(Web page caption snippets)
——————

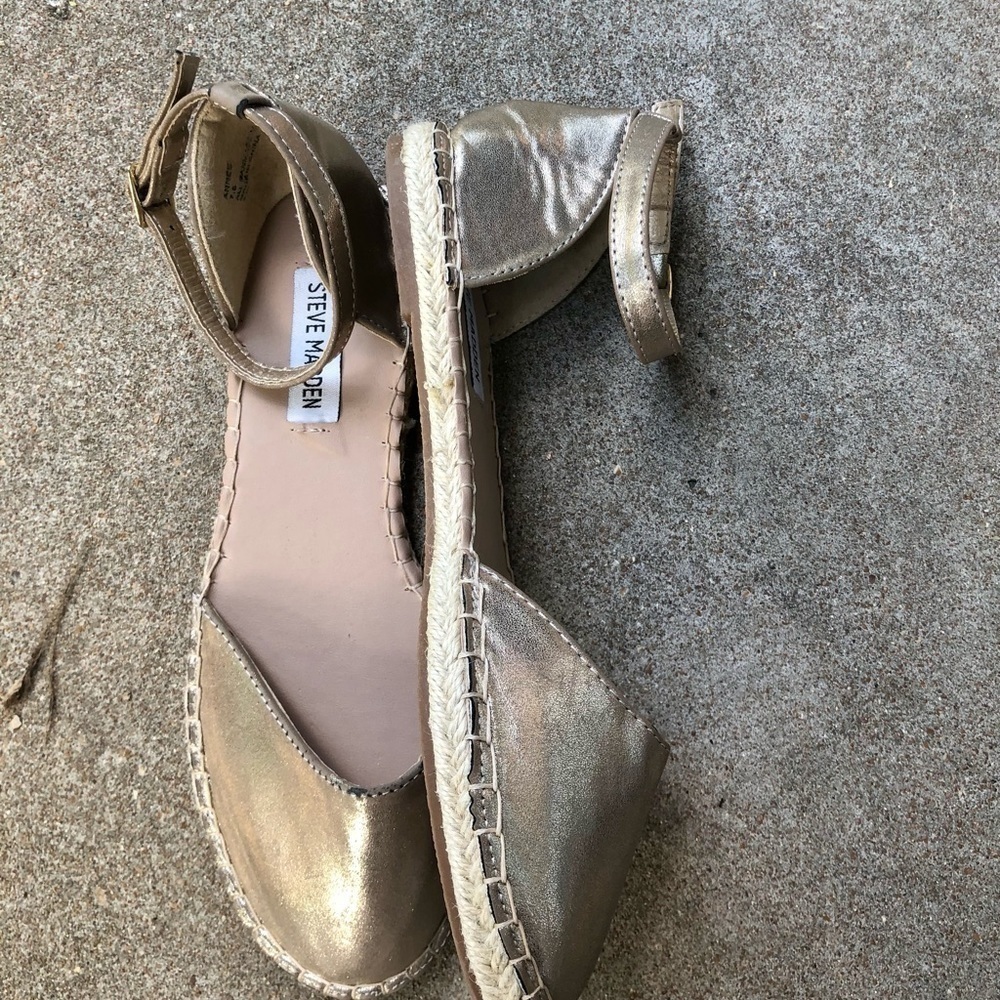 Steve Madden metallic golden espadrille flats - Picture 2 of 8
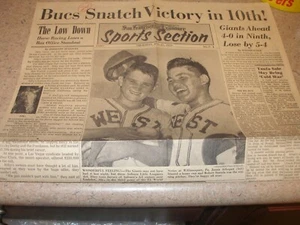 Portada deportiva San Francisco Examiner 27/08/59 - Gigantes pierden ante piratas en 10 - Imagen 1 de 1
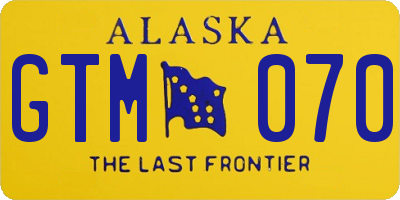 AK license plate GTM070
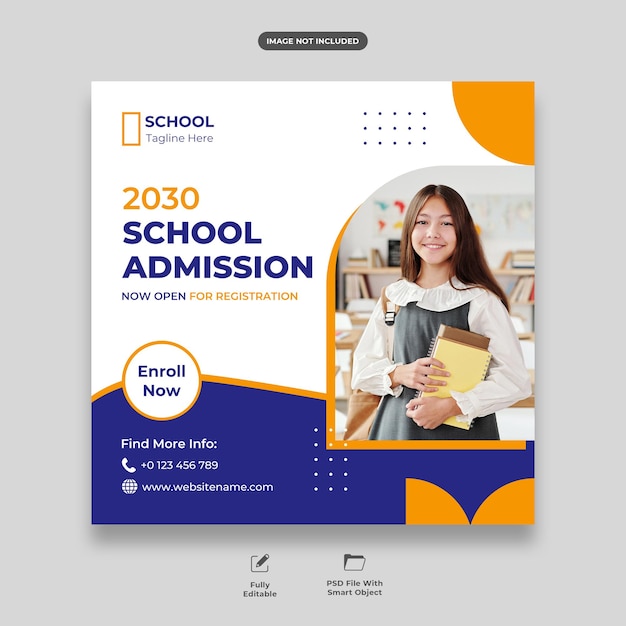 School admission social media post template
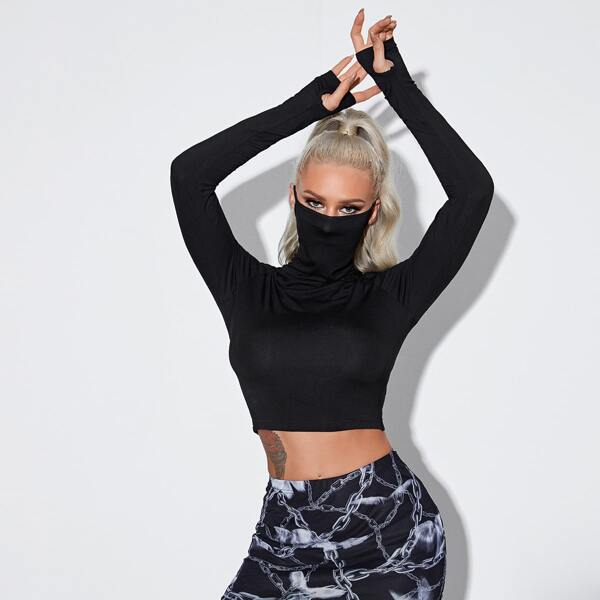 

Solid Crop Tee With Neck Gaiter, Black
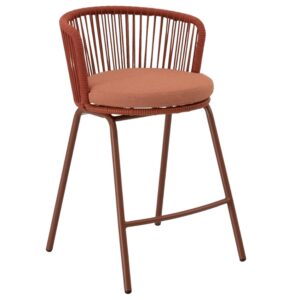 Somcasa Terakotově červená kovová barová židle Pierre 65 cm
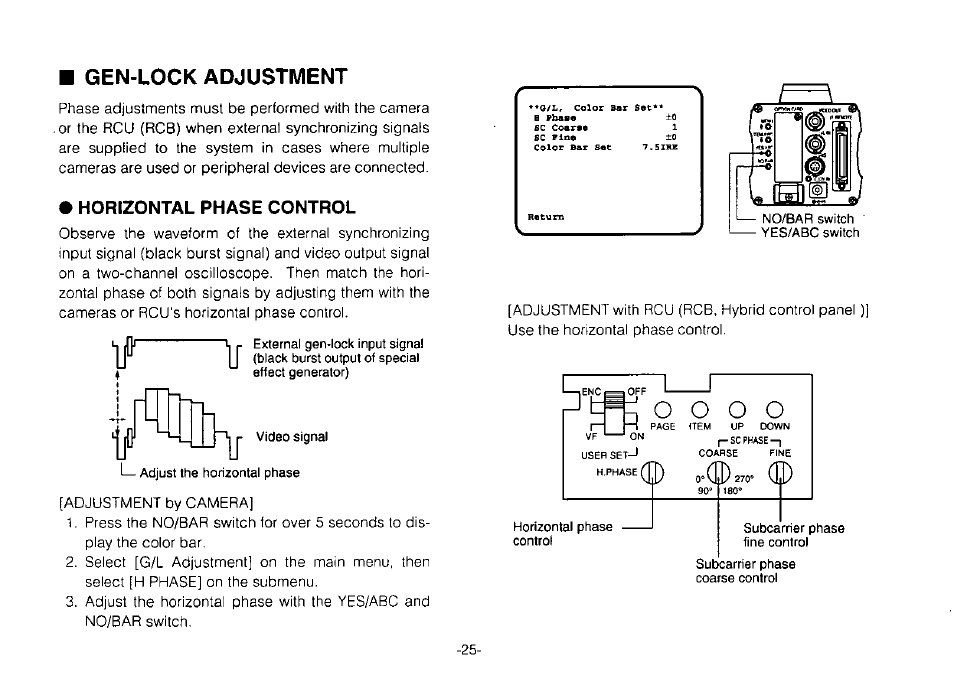 Gen-lock adjustment, Horizontal phase control | Panasonic Convertible Camera AW-E800 User Manual | Page 27 / 56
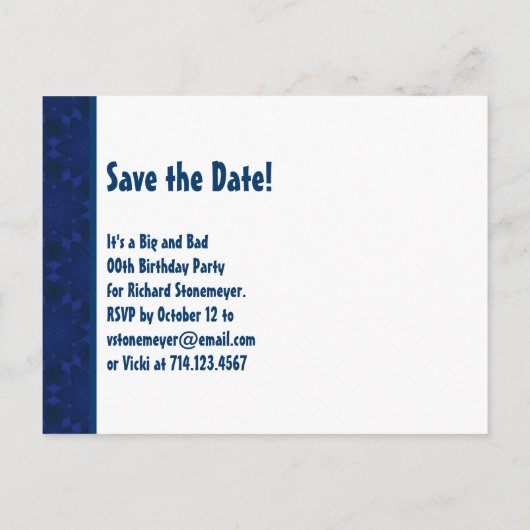 21e Verrassing Verjaardag Save the Date Blue Patte Aankondigingskaart (Achterkant)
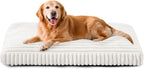 XL Dog Bed, Flat Pet Beds with Removable Washable Cover, Pet Mat Cute Dog Crate Bed Thick Shredded Chopped Crate Foam & Anti Slip Bottom for Indoor, 42"x27"x4" Cream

——————

=== Exercise description ===
An exact copy of all the records, free of pictures, is the expected answer.

=== Solution for this exercise ===
 Steve Madden metallic golden espadrille flats - Picture 2 of 8
 Portada deportiva San Francisco Examiner 27/08/59 - Gigantes pierden ante piratas en 10 - Imagen 1 de 1
 AK license plate GTM070
 School admission social media post template

Solid Crop Tee With Neck Gaiter, Black
 Somcasa Terakotově červená kovová barová židle Pierre 65 cm
 Gen-lock adjustment, Horizontal phase control | Panasonic Convertible Camera AW-E800 User Manual | Page 27 / 56
 21e Verrassing Verjaardag Save the Date Blue Patte Aankondigingskaart (Achterkant)
 XL Dog Bed, Flat Pet Beds with Removable Washable Cover, Pet Mat Cute Dog Crate Bed Thick Shredded Chopped Crate Foam & Anti Slip Bottom for Indoor, 42"x27"x4" Cream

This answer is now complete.